Lo stress da lavoro non è una novità, ma oggi ha un nome più specifico: “sindrome del corridoio”, una condizione di esaurimento mentale e distacco emotivo dal proprio lavoro che colpisce milioni di italiani. Secondo il Rapporto Censis-Eudaimon sul welfare aziendale, il 31,8% dei lavoratori sperimenta burnout, alienazione e sensazioni negative legate al proprio impiego.
Ma cosa significa esattamente soffrire di questa sindrome? E soprattutto, come si può combatterla?

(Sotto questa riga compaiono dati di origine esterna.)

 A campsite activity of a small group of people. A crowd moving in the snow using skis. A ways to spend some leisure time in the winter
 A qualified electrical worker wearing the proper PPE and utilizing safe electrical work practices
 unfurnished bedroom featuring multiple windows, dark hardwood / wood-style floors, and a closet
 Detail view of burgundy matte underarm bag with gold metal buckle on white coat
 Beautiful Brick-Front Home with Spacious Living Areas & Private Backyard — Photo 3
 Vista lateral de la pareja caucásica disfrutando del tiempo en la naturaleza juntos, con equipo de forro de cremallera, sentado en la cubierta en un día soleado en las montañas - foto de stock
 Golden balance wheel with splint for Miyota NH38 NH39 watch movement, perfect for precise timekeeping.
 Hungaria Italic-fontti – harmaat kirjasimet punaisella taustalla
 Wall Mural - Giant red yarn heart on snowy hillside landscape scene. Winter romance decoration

Cos’è la sindrome del corridoio?
Immagina di camminare per i corridoi dell’ufficio con la testa piena di pensieri negativi, sentendoti disconnesso dal lavoro e svuotato di energia. La tua mente è in un limbo costante tra stress lavorativo e problemi personali, senza mai trovare pace.
La ricerca rivela che:
- Il 25,7% dei lavoratori si porta i problemi da casa in ufficio (e viceversa).
- Il 41% dei giovani è più vulnerabile a questa condizione.

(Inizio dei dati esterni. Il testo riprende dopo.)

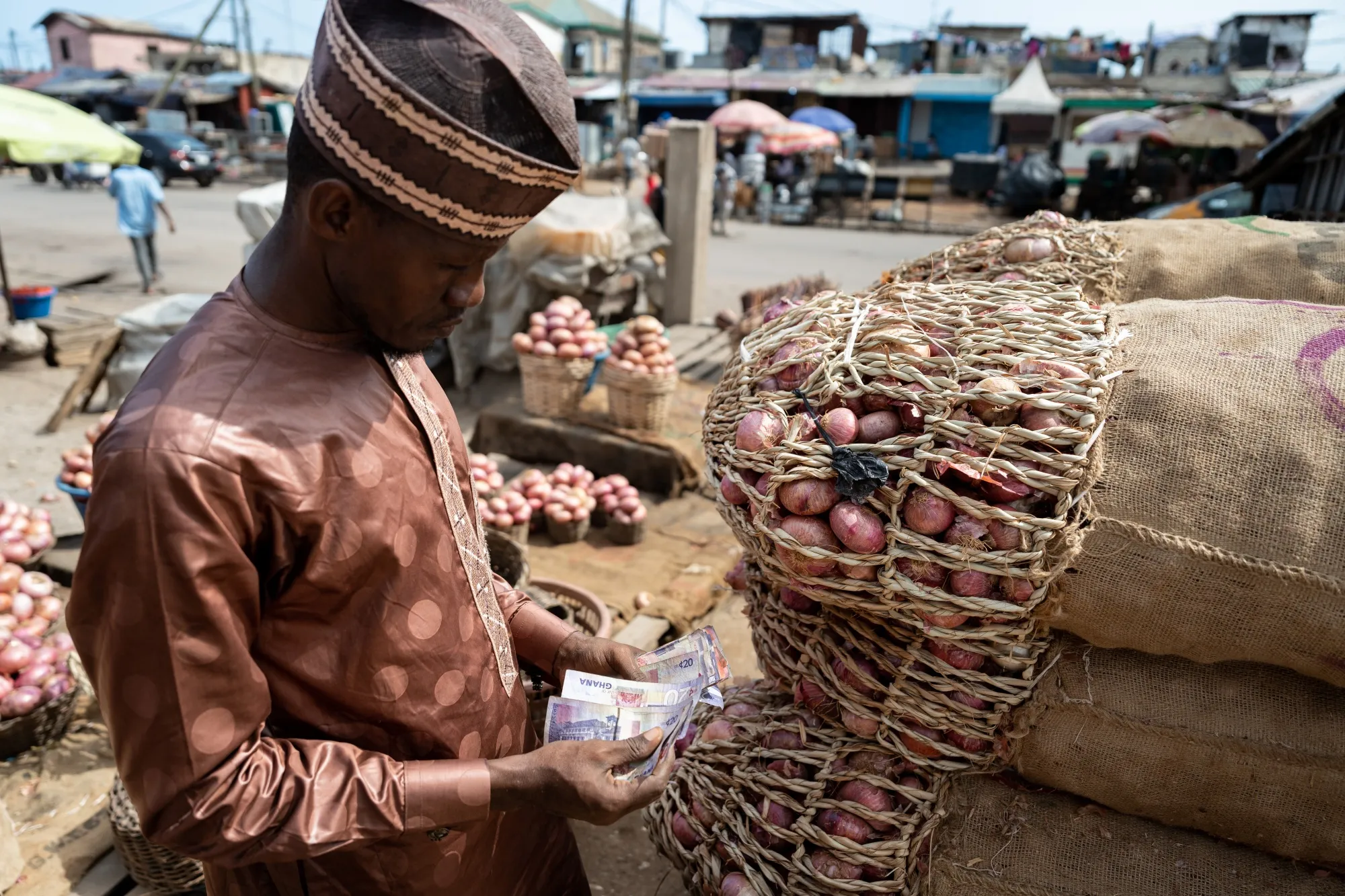 A trader counts Ghana cedi banknote by sacks of onions at a food market in Accra, Ghana.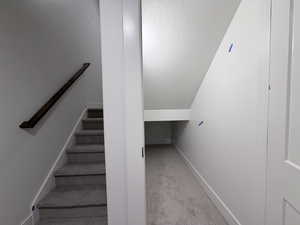 Stairs featuring a textured ceiling and carpet floors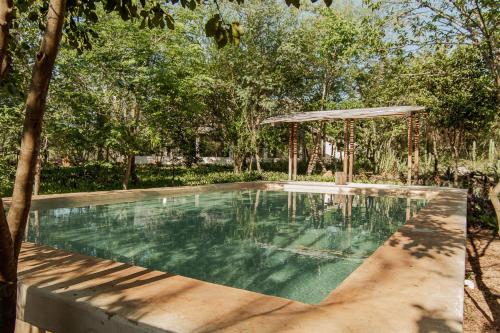 uma piscina com um gazebo em Hacienda Shambalante em Izamal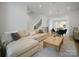Spacious open concept living room with hardwood floors, modern staircase and a view to the dining room and kitchen at 2538 Park Rose Ln # 10, Charlotte, NC 28204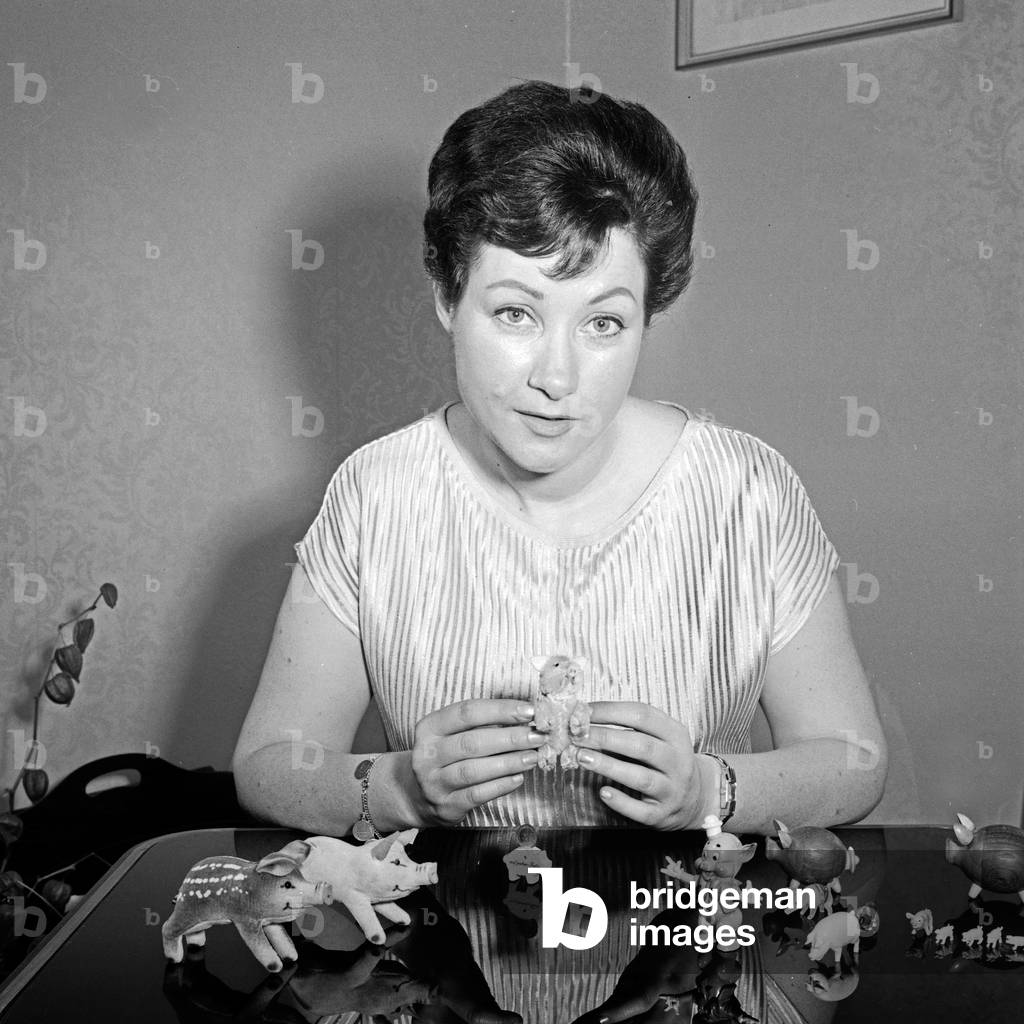 Austrian opera singer Melitta Muszely with her piggy collection at Hamburg, Germany 1960s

- Anche il 34,9% degli adulti e il 33,7% degli over 55 ne soffrono.
In pratica, non è solo un problema di giovani precari o di impiegati prossimi alla pensione: questa sindrome colpisce tutti, dai dirigenti agli operai.
Come uscire dal Burnout? Le soluzioni cercate dai dipendenti
Il 63,5% dei lavoratori vorrebbe uno psicologo, mentre il 38,2% pensa che la meditazione possa aiutare. Ma la vera richiesta è più semplice: più tempo per sé stessi.

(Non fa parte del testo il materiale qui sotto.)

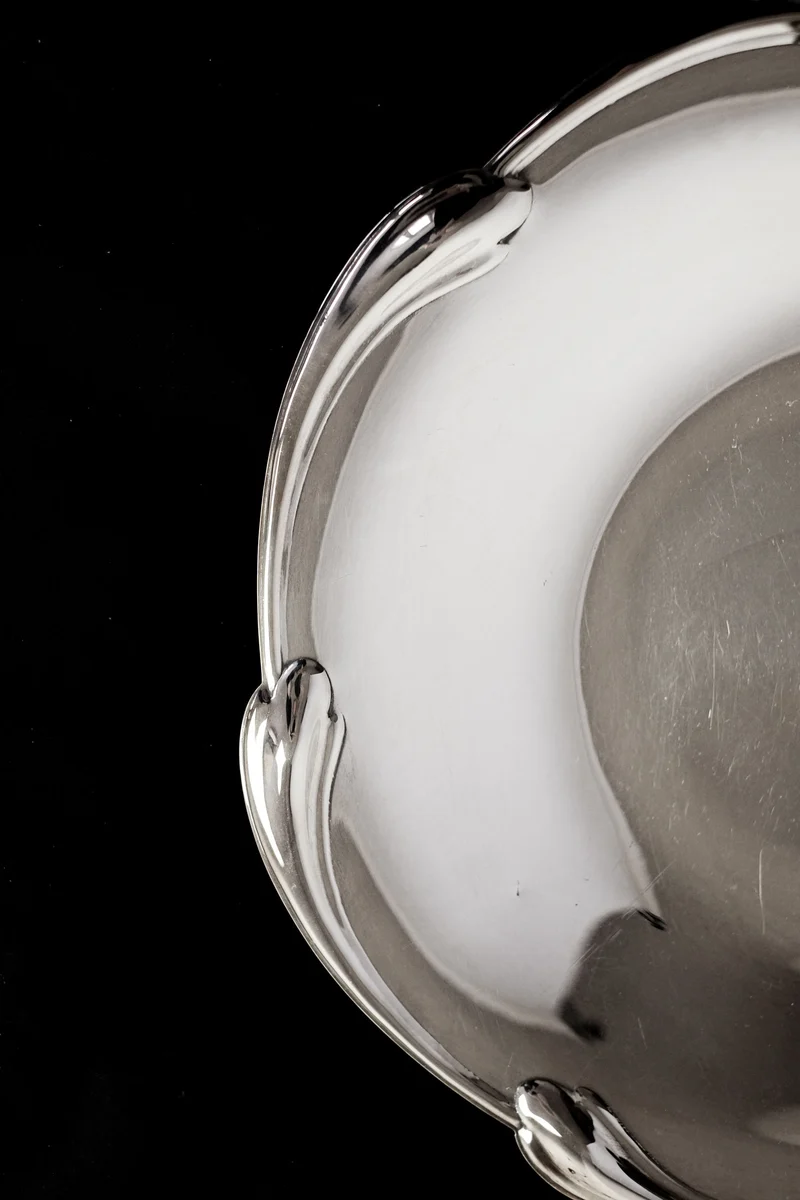 Large silver-plated dish with scaled rim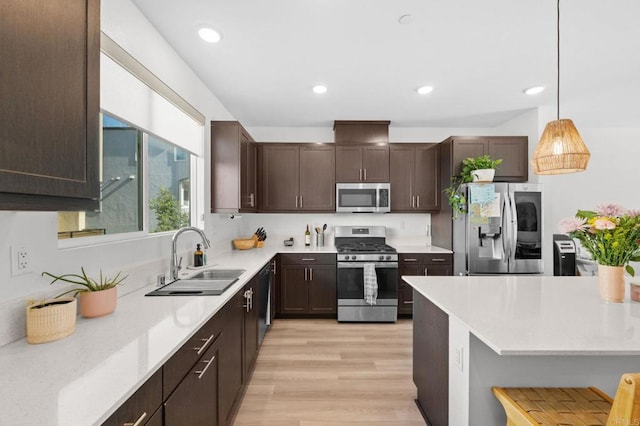 5485 Seacliff Pl Unit 106, San Diego, CA 92154 - kitchen with stainless steel appliances, a sink, dark brown cabinetry, light countertops, and recessed lighting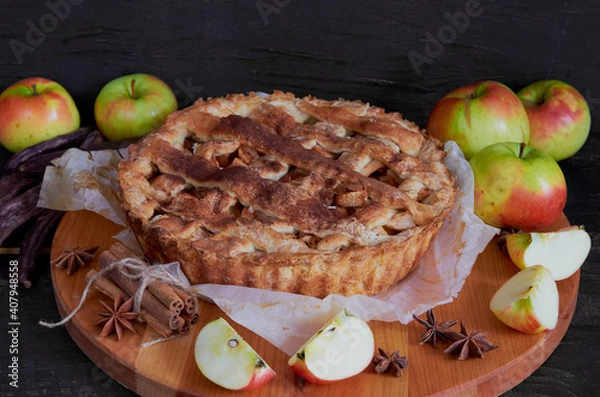 Fototapeta Traditional apple pie with spices on the brown wooden board. Apple pie decorated with sliced fresh apples, carob pods and cinnamon sticks  on the black background. Side view 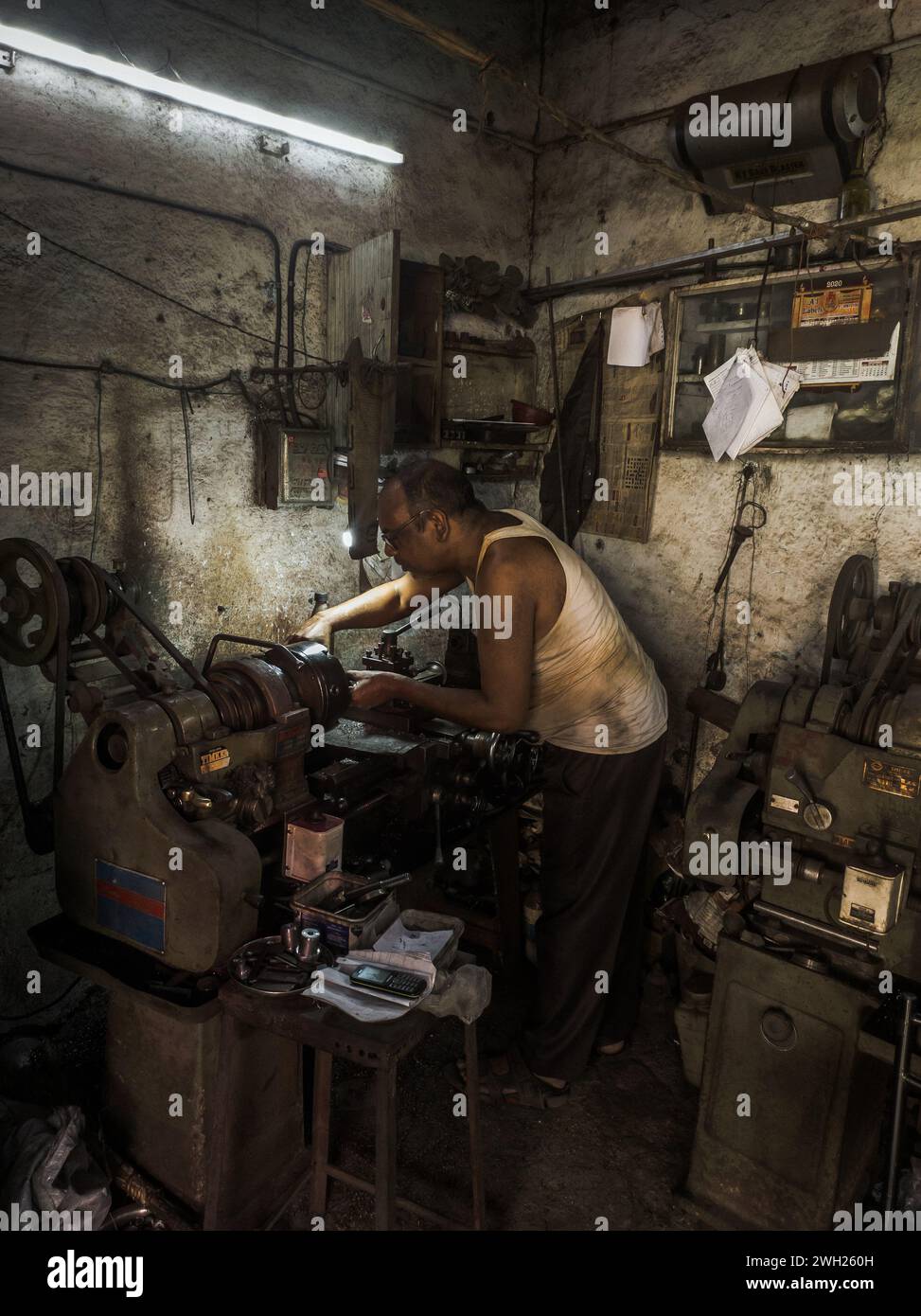 Un homme dans un atelier utilisant un assortiment d'outils et de matériaux Banque D'Images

Ecco le priorità evidenziate dalla ricerca:
- 89,4% – Avere più tempo libero per le proprie passioni
- 86,2% – Trascorrere più tempo con amici e familiari
- 78,9% – Fare attività fisica
- 73,9% – Dedicarsi alla cultura
- 79% – Semplicemente riposare
La verità è che molti lavoratori, schiacciati tra ansie professionali e doveri familiari, sentono il bisogno di staccare e recuperare energie mentali.
Dalla “sindrome del corridoio” alla “sindrome del divano”?
Il problema è che, spesso, lo stress lavorativo non lascia spazio a soluzioni concrete. Si finisce per passare dal superlavoro all’immobilità totale, cercando rifugio nel riposo passivo. Ma la vera via d’uscita sta nel trovare un equilibrio sano tra lavoro e vita privata.
La domanda ora è: le aziende ascolteranno questa richiesta di benessere o continueranno a ignorarla?